# Entries provided
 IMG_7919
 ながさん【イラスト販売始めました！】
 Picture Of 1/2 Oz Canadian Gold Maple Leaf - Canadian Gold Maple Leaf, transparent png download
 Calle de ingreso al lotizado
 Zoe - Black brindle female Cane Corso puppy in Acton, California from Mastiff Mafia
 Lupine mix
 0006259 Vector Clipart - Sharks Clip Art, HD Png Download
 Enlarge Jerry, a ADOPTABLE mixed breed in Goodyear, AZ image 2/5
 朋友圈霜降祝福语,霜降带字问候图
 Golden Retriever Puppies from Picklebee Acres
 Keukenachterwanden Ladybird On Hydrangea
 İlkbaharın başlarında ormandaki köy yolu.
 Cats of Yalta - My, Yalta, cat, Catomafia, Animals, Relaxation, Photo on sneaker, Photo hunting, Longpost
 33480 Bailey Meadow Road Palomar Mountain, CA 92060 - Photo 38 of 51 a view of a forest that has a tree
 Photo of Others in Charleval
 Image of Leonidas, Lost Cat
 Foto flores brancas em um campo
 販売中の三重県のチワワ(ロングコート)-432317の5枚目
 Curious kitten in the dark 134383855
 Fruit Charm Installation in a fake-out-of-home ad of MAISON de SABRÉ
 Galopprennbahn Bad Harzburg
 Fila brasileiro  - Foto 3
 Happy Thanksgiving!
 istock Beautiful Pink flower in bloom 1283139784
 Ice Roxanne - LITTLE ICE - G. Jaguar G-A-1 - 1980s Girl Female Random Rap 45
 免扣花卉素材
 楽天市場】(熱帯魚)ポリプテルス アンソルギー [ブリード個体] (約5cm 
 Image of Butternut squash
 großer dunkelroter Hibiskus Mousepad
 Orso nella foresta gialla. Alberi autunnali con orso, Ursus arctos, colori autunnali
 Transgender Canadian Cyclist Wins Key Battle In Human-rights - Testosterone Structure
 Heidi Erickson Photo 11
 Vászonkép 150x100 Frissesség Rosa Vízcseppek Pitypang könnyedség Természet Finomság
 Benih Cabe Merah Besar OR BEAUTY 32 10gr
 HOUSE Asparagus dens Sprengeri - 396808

# Your objective
Reproduce the whole of the material exactly as shown.

# Written solution
 IMG_7919
 ながさん【イラスト販売始めました！】
 Picture Of 1/2 Oz Canadian Gold Maple Leaf - Canadian Gold Maple Leaf, transparent png download
 Calle de ingreso al lotizado
 Zoe - Black brindle female Cane Corso puppy in Acton, California from Mastiff Mafia
 Lupine mix
 0006259 Vector Clipart - Sharks Clip Art, HD Png Download
 Enlarge Jerry, a ADOPTABLE mixed breed in Goodyear, AZ image 2/5
 朋友圈霜降祝福语,霜降带字问候图
 Golden Retriever Puppies from Picklebee Acres
 Keukenachterwanden Ladybird On Hydrangea
 İlkbaharın başlarında ormandaki köy yolu.
 Cats of Yalta - My, Yalta, cat, Catomafia, Animals, Relaxation, Photo on sneaker, Photo hunting, Longpost
 33480 Bailey Meadow Road Palomar Mountain, CA 92060 - Photo 38 of 51 a view of a forest that has a tree
 Photo of Others in Charleval
 Image of Leonidas, Lost Cat
 Foto flores brancas em um campo
 販売中の三重県のチワワ(ロングコート)-432317の5枚目
 Curious kitten in the dark 134383855
 Fruit Charm Installation in a fake-out-of-home ad of MAISON de SABRÉ
 Galopprennbahn Bad Harzburg
 Fila brasileiro  - Foto 3
 Happy Thanksgiving!
 istock Beautiful Pink flower in bloom 1283139784
 Ice Roxanne - LITTLE ICE - G. Jaguar G-A-1 - 1980s Girl Female Random Rap 45
 免扣花卉素材
 楽天市場】(熱帯魚)ポリプテルス アンソルギー [ブリード個体] (約5cm 
 Image of Butternut squash
 großer dunkelroter Hibiskus Mousepad
 Orso nella foresta gialla. Alberi autunnali con orso, Ursus arctos, colori autunnali
 Transgender Canadian Cyclist Wins Key Battle In Human-rights - Testosterone Structure
 Heidi Erickson Photo 11
 Vászonkép 150x100 Frissesség Rosa Vízcseppek Pitypang könnyedség Természet Finomság
 Benih Cabe Merah Besar OR BEAUTY 32 10gr
 HOUSE Asparagus dens Sprengeri - 396808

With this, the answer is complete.